*** RECORDS FOR THE TASK Section Begins ***

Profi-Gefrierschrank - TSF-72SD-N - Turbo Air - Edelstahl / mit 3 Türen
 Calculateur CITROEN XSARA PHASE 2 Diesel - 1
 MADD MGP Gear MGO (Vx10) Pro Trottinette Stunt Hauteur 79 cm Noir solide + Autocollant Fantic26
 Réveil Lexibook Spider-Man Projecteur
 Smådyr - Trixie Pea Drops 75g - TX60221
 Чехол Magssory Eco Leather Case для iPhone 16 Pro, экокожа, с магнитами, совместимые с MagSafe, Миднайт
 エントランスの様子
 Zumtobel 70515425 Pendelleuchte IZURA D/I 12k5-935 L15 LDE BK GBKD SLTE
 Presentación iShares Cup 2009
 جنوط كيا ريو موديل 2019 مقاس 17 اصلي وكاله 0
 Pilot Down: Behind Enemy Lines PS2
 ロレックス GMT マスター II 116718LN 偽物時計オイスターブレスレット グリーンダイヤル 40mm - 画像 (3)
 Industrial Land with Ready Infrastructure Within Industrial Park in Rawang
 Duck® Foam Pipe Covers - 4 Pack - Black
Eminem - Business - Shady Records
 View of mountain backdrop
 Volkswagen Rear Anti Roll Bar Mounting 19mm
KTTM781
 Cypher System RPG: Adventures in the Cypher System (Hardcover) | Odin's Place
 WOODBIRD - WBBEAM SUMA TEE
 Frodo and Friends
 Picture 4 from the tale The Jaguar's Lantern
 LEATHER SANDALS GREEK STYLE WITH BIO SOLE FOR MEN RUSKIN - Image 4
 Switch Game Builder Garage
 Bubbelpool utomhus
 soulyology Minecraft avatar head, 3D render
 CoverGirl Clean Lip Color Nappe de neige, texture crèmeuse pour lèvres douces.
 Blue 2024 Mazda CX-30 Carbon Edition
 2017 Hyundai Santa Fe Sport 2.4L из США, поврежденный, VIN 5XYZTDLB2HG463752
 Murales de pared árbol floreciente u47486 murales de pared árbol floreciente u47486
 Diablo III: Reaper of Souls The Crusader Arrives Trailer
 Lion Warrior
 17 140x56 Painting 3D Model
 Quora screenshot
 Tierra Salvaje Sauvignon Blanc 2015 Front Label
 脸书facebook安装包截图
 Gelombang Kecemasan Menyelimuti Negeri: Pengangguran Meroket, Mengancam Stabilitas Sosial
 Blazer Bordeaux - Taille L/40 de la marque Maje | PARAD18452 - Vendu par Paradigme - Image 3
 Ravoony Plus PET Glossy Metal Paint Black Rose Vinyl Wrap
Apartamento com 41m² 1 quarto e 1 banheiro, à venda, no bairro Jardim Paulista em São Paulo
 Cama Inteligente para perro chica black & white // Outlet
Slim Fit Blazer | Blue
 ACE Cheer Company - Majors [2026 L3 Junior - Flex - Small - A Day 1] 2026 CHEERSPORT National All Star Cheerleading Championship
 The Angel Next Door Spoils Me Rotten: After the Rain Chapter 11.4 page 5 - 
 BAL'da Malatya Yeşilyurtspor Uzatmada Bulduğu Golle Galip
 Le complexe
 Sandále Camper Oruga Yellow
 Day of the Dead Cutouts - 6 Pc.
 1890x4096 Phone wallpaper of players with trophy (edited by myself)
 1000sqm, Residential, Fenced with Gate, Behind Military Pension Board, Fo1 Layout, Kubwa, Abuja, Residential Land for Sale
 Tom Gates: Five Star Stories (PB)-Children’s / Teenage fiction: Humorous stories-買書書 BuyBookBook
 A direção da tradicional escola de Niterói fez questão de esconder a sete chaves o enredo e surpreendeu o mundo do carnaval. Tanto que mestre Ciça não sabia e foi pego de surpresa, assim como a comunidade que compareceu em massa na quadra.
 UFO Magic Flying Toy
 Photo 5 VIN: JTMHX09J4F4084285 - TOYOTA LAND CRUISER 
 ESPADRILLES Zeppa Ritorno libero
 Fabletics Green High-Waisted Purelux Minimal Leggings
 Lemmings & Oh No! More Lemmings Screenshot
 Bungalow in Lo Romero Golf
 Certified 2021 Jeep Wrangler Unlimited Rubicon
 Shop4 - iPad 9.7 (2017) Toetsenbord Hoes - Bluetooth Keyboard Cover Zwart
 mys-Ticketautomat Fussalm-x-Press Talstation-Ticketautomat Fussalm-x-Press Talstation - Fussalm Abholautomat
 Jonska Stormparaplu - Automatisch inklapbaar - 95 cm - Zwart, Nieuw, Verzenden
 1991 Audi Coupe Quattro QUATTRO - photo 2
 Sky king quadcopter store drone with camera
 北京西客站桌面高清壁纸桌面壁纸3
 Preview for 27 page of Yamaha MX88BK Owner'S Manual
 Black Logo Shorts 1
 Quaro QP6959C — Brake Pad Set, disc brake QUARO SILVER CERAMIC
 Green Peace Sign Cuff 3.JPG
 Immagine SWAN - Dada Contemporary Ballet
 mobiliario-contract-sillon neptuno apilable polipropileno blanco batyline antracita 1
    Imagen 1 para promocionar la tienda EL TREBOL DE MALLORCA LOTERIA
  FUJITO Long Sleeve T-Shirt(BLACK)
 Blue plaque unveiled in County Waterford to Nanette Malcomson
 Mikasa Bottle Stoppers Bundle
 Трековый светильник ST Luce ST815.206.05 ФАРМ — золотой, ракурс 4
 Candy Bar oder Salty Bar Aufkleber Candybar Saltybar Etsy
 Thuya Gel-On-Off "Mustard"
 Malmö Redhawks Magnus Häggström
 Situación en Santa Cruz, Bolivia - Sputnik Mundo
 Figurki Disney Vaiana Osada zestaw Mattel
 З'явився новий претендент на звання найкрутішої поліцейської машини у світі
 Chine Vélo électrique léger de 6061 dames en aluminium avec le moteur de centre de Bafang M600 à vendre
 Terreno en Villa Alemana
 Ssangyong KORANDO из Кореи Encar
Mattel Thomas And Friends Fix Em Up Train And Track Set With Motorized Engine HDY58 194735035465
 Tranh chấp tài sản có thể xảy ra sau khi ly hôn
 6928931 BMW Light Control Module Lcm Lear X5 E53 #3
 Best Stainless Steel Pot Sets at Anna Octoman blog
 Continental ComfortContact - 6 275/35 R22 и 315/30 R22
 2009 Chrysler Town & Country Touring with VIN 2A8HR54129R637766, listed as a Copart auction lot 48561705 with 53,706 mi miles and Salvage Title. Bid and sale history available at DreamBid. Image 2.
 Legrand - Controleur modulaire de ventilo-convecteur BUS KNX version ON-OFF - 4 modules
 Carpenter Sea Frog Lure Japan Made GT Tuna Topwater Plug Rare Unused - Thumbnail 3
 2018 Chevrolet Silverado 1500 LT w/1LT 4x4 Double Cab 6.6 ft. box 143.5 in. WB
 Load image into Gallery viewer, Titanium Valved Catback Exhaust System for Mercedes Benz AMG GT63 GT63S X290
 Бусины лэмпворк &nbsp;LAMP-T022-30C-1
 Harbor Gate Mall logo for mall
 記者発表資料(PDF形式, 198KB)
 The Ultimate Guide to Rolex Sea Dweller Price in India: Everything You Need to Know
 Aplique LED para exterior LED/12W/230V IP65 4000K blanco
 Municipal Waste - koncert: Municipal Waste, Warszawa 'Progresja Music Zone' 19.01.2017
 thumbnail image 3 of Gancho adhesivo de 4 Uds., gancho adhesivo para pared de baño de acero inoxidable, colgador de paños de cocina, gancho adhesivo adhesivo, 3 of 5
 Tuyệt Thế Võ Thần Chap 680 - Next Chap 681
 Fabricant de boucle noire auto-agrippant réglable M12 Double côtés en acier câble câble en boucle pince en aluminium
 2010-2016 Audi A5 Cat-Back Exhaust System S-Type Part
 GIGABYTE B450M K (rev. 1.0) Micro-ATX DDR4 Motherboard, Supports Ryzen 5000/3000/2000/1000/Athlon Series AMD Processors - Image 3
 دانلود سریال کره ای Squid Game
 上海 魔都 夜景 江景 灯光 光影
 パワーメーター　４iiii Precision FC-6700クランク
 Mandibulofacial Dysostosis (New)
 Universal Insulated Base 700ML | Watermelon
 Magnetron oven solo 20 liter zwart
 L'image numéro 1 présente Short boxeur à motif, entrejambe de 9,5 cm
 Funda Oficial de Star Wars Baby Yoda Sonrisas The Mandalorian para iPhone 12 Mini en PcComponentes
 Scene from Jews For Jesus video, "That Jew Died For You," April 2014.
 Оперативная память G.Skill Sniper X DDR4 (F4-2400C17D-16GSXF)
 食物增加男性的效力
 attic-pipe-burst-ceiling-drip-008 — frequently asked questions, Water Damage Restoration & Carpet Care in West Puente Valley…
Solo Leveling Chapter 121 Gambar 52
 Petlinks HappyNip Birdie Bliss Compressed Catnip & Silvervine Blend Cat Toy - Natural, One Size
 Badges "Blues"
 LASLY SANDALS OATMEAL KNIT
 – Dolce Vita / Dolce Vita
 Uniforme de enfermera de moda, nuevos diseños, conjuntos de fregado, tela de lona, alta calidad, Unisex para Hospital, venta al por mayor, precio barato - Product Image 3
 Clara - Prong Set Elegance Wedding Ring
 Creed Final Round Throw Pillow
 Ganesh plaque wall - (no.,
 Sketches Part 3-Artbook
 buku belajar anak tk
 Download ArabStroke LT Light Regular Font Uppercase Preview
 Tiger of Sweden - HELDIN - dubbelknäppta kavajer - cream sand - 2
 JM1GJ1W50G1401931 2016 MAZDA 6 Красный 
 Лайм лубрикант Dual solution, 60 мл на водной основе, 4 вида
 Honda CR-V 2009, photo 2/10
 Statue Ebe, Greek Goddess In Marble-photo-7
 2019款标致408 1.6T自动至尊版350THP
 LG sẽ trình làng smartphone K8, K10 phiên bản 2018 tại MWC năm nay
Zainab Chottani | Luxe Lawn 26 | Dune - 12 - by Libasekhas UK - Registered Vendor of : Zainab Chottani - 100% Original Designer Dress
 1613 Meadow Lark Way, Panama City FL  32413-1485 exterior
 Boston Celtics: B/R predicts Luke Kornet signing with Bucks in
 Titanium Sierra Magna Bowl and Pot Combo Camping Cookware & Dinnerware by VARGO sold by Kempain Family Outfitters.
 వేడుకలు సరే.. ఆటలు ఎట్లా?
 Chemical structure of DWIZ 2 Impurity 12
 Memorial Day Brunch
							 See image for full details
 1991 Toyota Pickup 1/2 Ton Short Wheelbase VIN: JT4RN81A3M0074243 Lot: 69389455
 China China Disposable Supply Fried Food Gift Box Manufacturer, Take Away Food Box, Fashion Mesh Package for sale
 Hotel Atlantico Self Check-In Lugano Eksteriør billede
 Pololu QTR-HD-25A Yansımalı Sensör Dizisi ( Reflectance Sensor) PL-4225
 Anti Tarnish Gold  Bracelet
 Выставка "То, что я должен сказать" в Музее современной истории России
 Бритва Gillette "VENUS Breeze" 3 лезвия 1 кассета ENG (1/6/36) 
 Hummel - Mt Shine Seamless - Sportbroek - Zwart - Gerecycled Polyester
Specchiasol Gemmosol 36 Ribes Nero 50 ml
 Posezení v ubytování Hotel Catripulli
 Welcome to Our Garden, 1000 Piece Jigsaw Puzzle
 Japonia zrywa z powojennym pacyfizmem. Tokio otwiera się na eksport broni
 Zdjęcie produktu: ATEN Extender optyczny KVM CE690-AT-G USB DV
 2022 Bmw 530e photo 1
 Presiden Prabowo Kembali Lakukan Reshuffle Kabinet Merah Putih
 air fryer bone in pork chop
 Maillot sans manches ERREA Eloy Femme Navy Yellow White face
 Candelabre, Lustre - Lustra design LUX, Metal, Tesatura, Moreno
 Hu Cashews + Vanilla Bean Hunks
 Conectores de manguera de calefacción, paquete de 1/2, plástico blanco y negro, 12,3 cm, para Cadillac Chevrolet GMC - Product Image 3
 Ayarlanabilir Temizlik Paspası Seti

*** RECORDS FOR THE TASK Section Ends ***

EXERCISE INSTRUCTIONS – Output exactly the span of lines beginning at the first line of the records and ending at the line that holds "جنوط كيا ريو موديل 2019 مقاس 17 اصلي وكاله 0", inclusive, with no other text.

YOUR RESPONSE –
Profi-Gefrierschrank - TSF-72SD-N - Turbo Air - Edelstahl / mit 3 Türen
 Calculateur CITROEN XSARA PHASE 2 Diesel - 1
 MADD MGP Gear MGO (Vx10) Pro Trottinette Stunt Hauteur 79 cm Noir solide + Autocollant Fantic26
 Réveil Lexibook Spider-Man Projecteur
 Smådyr - Trixie Pea Drops 75g - TX60221
 Чехол Magssory Eco Leather Case для iPhone 16 Pro, экокожа, с магнитами, совместимые с MagSafe, Миднайт
 エントランスの様子
 Zumtobel 70515425 Pendelleuchte IZURA D/I 12k5-935 L15 LDE BK GBKD SLTE
 Presentación iShares Cup 2009
 جنوط كيا ريو موديل 2019 مقاس 17 اصلي وكاله 0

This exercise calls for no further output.